Locks are a big feature of most French barge cruises - Péniche Alsacien traverses through 40 locks!
Locks are a big feature of most French barge cruises - Péniche Alsacien traverses through 40 locks!
Definition of a lock
A lock is a rectangular chamber with gates at both ends; with both gates closed, the water level within the lock can be adjusted to match the canal water level on either side. Thus, a vessel entering the lock can be raised or lowered in order to enter the next level canal section.
The history of the lock
Flash locks, the first attempts to carry boats over difficult elevation changes on rivers or canals, date from the third century B.C.
Greek historian Diodorus Siculus, writing 200 years later, described how Ptolemy II had improved the Nile-to-Red Sea canal by building a type of lock. Consisting of a single gate, flash locks carried boats downstream on a rush of water; boats headed upstream could be pulled forward while floating on the torrent released by opening the gate.
Flash locks were hazardous, and they used large amounts of water. A significant improvement came in A.D. 984, when the first double-gate lock was built on China's Grand Canal. Also called a pound lock (because it impounds water) this was the predecessor of modern conventional locks. Its gates were panels that lifted vertically.
A similar lock with vertical-lift gates built in the Netherlands in 1373 also controlled its water level by partially opening either the upstream or the downstream gate. Pound lock operation was greatly improved in 1485 when an Italian lock was built with smaller, valve-controlled openings in the gates.

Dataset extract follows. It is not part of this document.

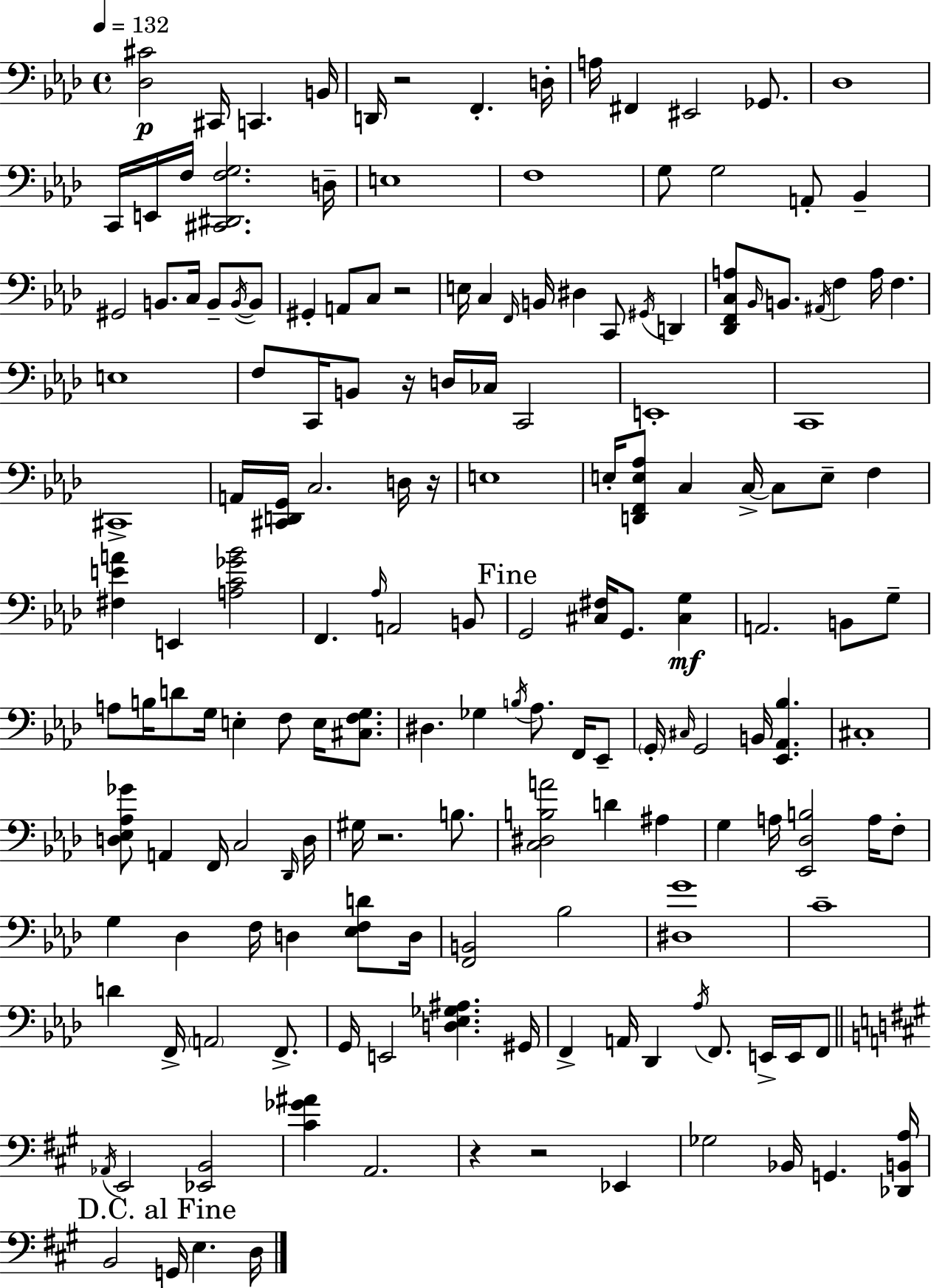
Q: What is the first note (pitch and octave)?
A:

Leonardo da Vinci invented the miter gate in 1480. Two gates, each more than half as wide as the lock, swing on vertical hinges. In the open position, they are flush with the lock's walls. In the closed position, they meet in a V pointed upstream so that the higher water level presses against them to promote a tight seal.

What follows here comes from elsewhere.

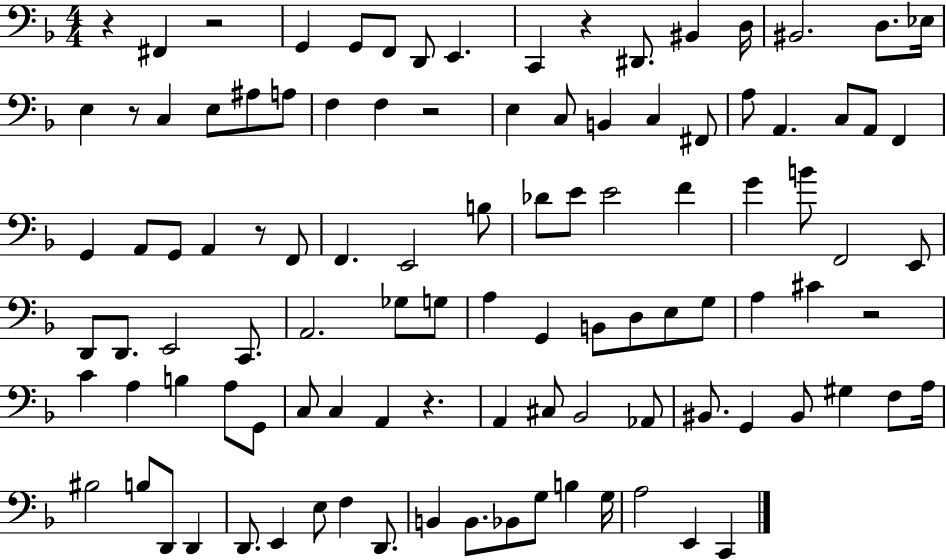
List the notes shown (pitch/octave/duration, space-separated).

R/q F#2/q R/h G2/q G2/e F2/e D2/e E2/q. C2/q R/q D#2/e. BIS2/q D3/s BIS2/h. D3/e. Eb3/s E3/q R/e C3/q E3/e A#3/e A3/e F3/q F3/q R/h E3/q C3/e B2/q C3/q F#2/e A3/e A2/q. C3/e A2/e F2/q G2/q A2/e G2/e A2/q R/e F2/e F2/q. E2/h B3/e Db4/e E4/e E4/h F4/q G4/q B4/e F2/h E2/e D2/e D2/e. E2/h C2/e. A2/h. Gb3/e G3/e A3/q G2/q B2/e D3/e E3/e G3/e A3/q C#4/q R/h C4/q A3/q B3/q A3/e G2/e C3/e C3/q A2/q R/q. A2/q C#3/e Bb2/h Ab2/e BIS2/e. G2/q BIS2/e G#3/q F3/e A3/s BIS3/h B3/e D2/e D2/q D2/e. E2/q E3/e F3/q D2/e. B2/q B2/e. Bb2/e G3/e B3/q G3/s A3/h E2/q C2/q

The base of the upstream gate in a lock is higher than the base of the downstream gate. If the lock was very deep, water filling the chamber through an opening in the upper gate would create turbulence or even swamp a boat in the chamber. This problem was solved in France during the seventeenth century, when valve-controlled water channels for filling and emptying a lock were built into the lower portion of the chamber's stone lining.

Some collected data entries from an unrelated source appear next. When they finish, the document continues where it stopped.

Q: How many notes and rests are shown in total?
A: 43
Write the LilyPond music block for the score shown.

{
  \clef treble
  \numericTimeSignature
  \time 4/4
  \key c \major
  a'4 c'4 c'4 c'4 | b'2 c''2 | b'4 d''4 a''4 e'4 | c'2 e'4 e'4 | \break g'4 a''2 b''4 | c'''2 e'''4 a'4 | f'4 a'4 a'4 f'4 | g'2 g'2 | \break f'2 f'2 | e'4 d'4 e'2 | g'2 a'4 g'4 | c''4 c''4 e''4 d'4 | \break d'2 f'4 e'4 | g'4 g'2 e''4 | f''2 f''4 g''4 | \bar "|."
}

Until the early nineteenth century, lock gates were made of wood, and lock chambers were lined with wood, stone, bricks, or turf. In 1827, cast iron was first used to build both a lock and its gates in Cheshire, England. Following the development of the Bessemer process for mass production of steel, that material was utilized for construction of locks and gates, both as primary elements and as reinforcing bars for concrete.